TASK DIRECTIONS - For this listing, the lines between the one holding "купить 5 пенни" and the one holding "Unbreakable Heat-Resistant Bulk", inclusive, must be set down exactly.

:: MATERIAL PROVIDED ::

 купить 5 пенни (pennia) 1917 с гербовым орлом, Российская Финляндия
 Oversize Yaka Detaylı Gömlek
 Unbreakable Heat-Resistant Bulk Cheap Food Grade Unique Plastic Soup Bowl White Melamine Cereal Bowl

:::
:: MATERIAL PROVIDED ::

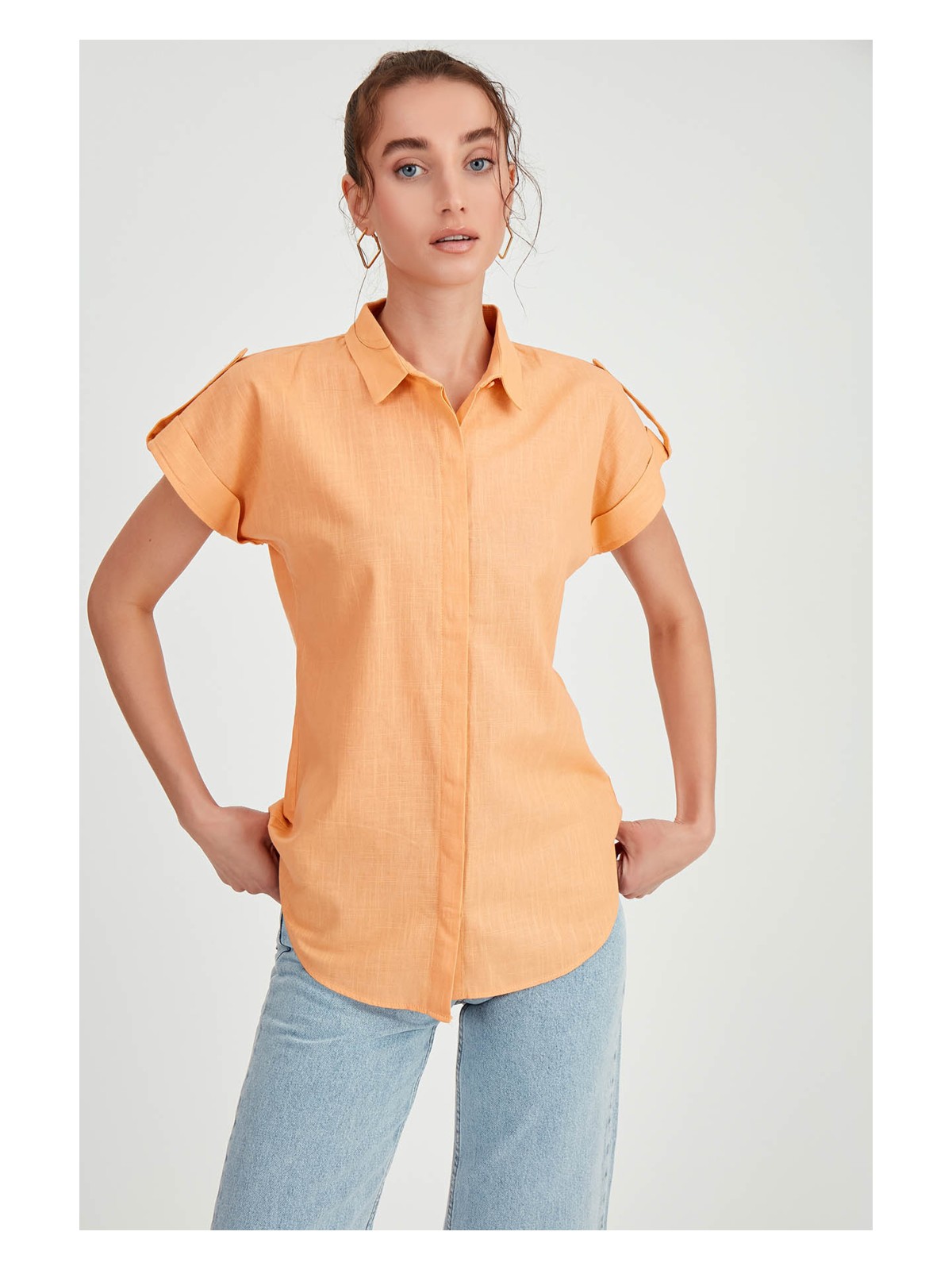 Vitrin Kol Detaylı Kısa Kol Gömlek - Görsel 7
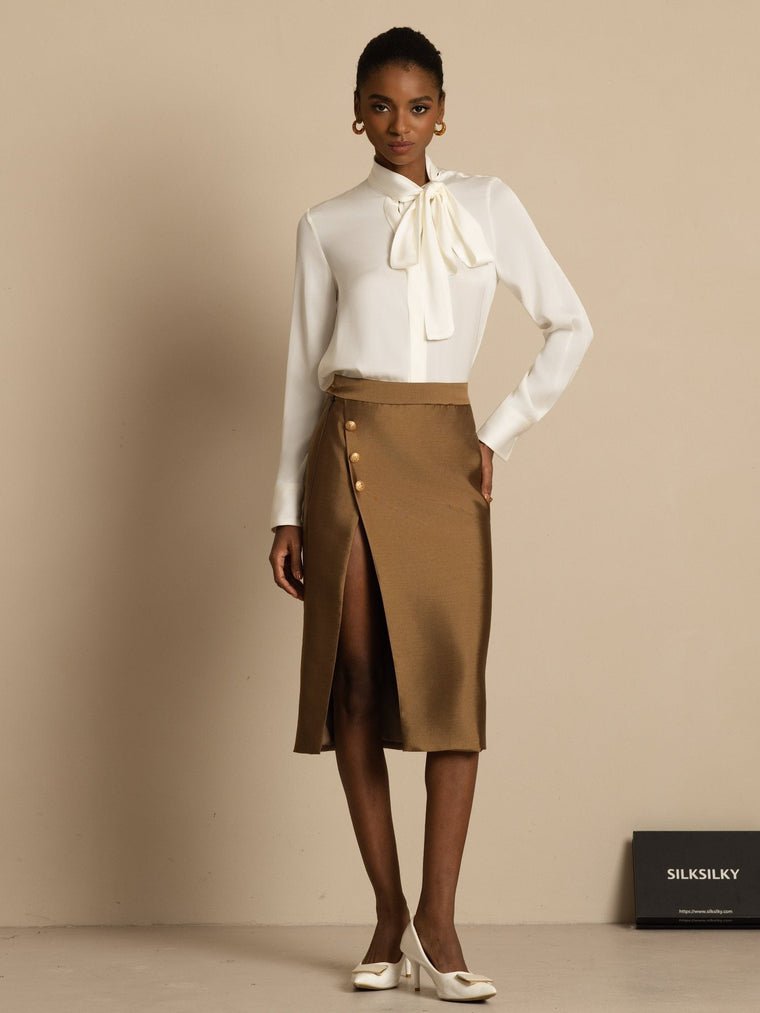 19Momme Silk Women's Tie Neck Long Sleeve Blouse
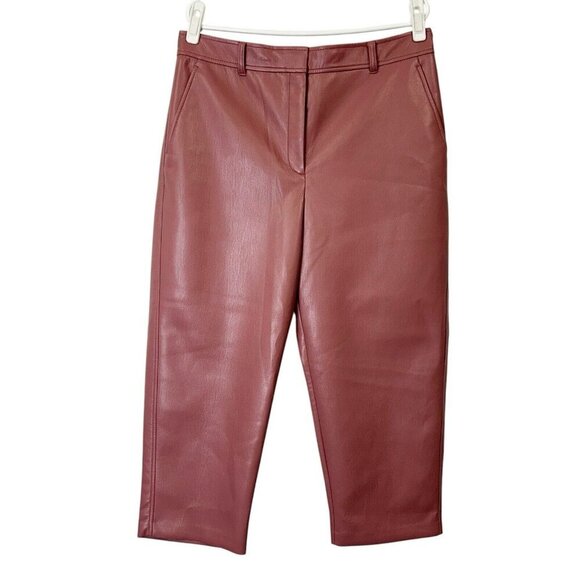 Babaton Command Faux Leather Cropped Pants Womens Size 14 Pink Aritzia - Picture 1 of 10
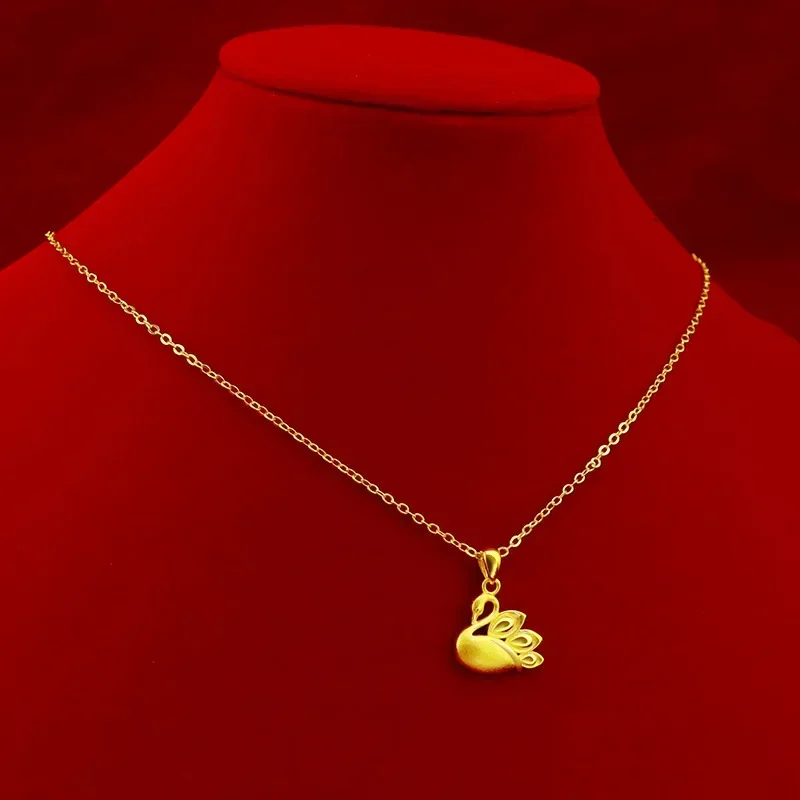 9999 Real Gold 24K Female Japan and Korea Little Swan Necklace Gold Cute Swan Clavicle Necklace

:::

ANSWER FOR THIS EXERCISE -
 купить 5 пенни (pennia) 1917 с гербовым орлом, Российская Финляндия
 Oversize Yaka Detaylı Gömlek
 Unbreakable Heat-Resistant Bulk Cheap Food Grade Unique Plastic Soup Bowl White Melamine Cereal Bowl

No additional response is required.